Print exactly the lines from the one that contains "DAVID & MILLY" through the last line of the material, both included, and leave out all pictures.

====== Input

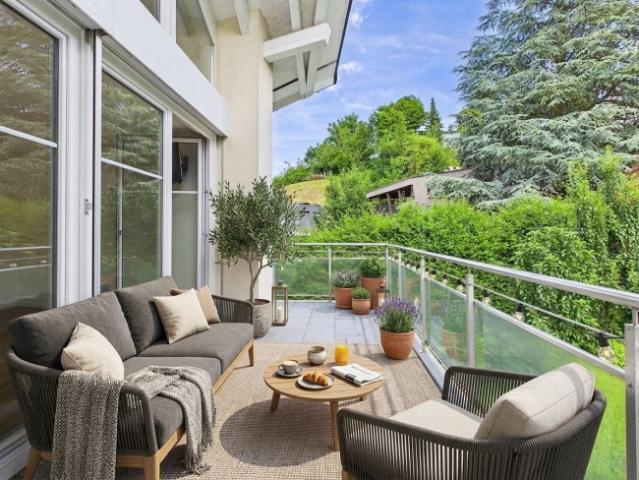 Seltene Maisonette Wohnung, einzigartiger Seesicht, 2 Terrassen und 170m2 Wohnfläche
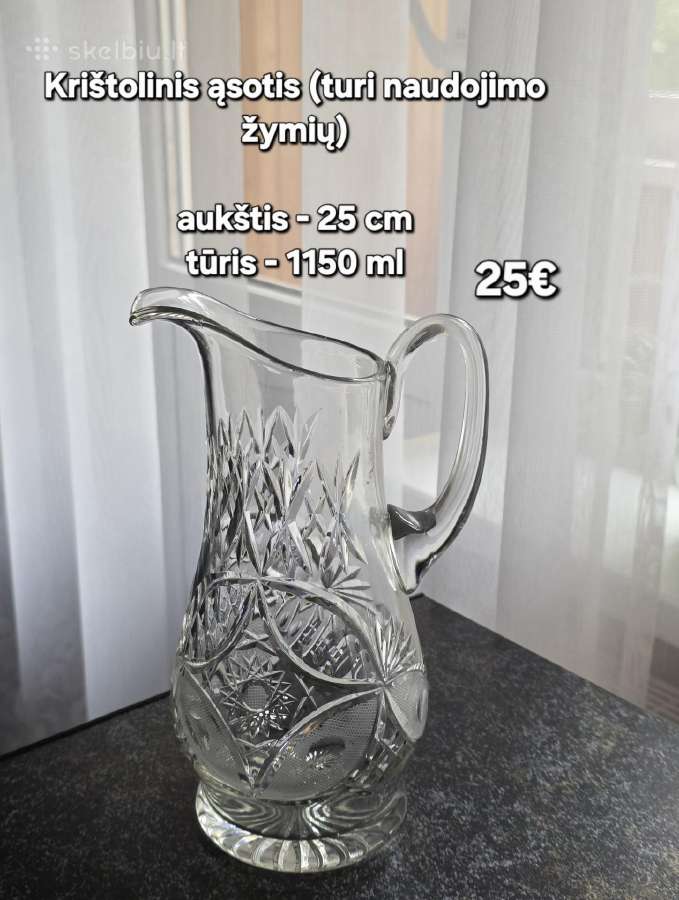 Vintažinis krištolinis ąsotis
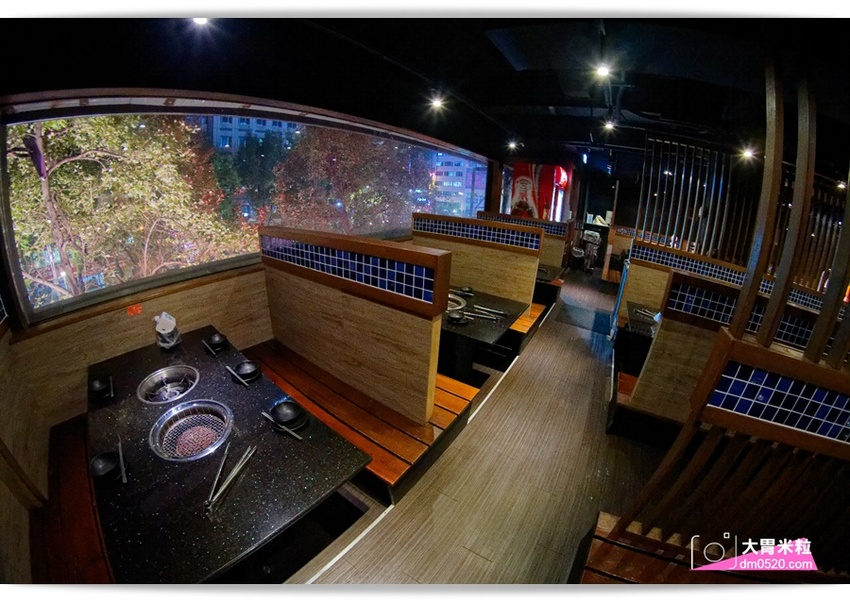 台北宵夜場推薦,醬太郎日式燒肉 吃到飽,午餐549/晚餐.假日649/免收服務費,招牌牛舌/松阪豬/羊排/韓式炸雞/啤酒無限暢飲,中山站燒肉推薦 - 大胃米粒 DAVID & MILLY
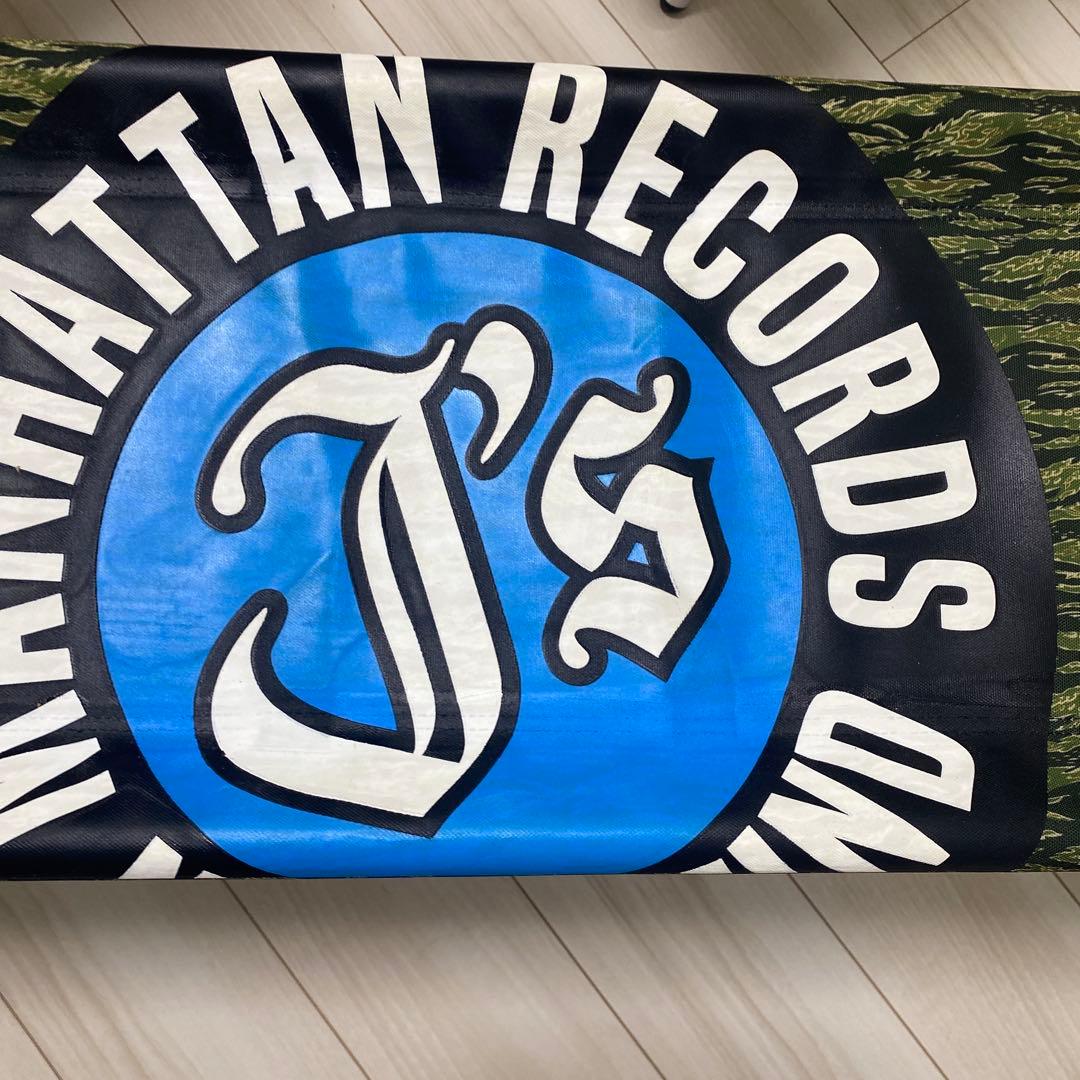 JSF x Manhattan Recordsベンチ&RIZEポスターBONEZ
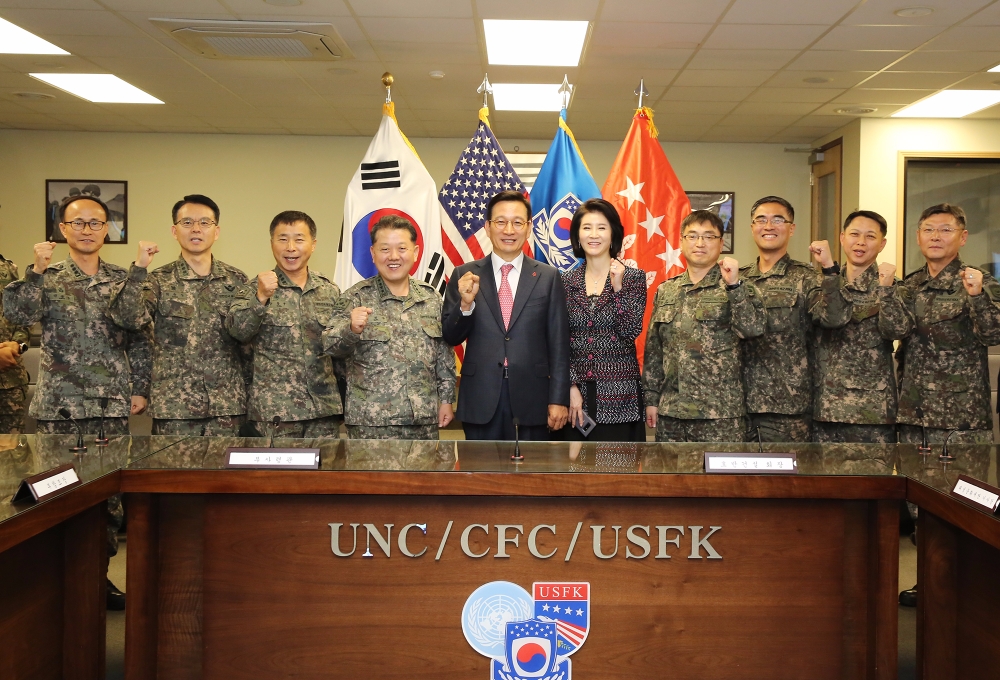 사진 좌측에서 네 번째 김병주 한미연합사 부사령관, 다섯 번째 김상열 호반건설 회장.(사진=호반건설)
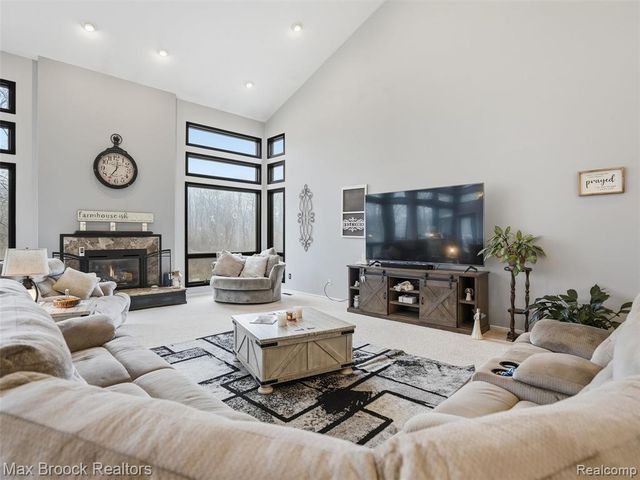 55618 Lordona Lane, Shelby Twp, MI 48315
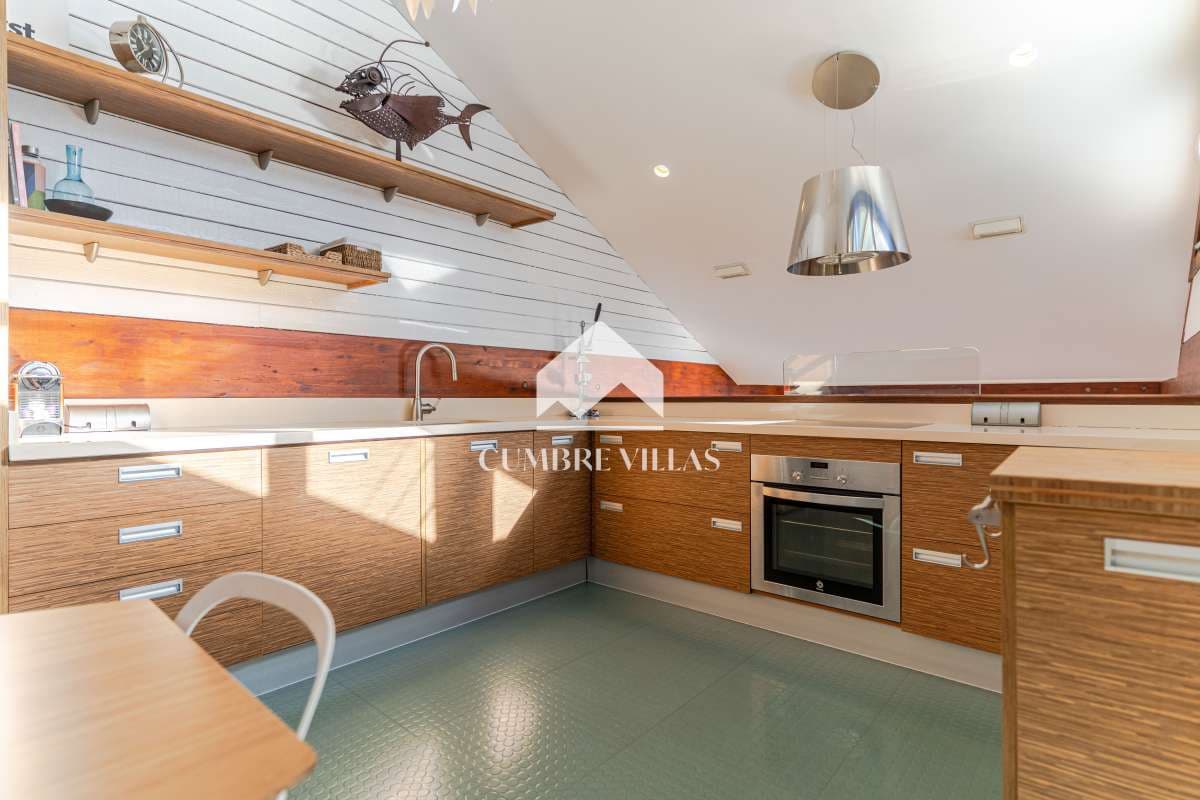 3 quarto Moradia para venda em La Herradura com piscina garagem - 1 845 000 € (Ref: 9136687)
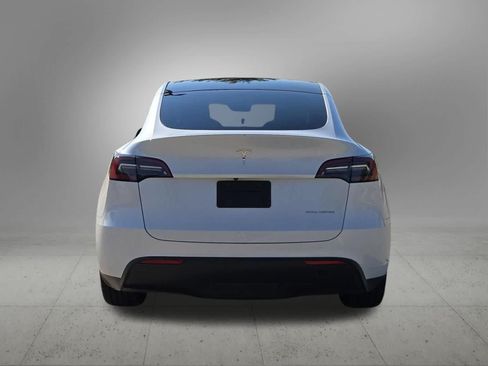 Used 2023 Tesla Model Y AWD image 5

============

_Solution_
 台北宵夜場推薦,醬太郎日式燒肉 吃到飽,午餐549/晚餐.假日649/免收服務費,招牌牛舌/松阪豬/羊排/韓式炸雞/啤酒無限暢飲,中山站燒肉推薦 - 大胃米粒 DAVID & MILLY
 JSF x Manhattan Recordsベンチ&RIZEポスターBONEZ
 사진 좌측에서 네 번째 김병주 한미연합사 부사령관, 다섯 번째 김상열 호반건설 회장.(사진=호반건설)
 55618 Lordona Lane, Shelby Twp, MI 48315
 3 quarto Moradia para venda em La Herradura com piscina garagem - 1 845 000 € (Ref: 9136687)
 Used 2023 Tesla Model Y AWD image 5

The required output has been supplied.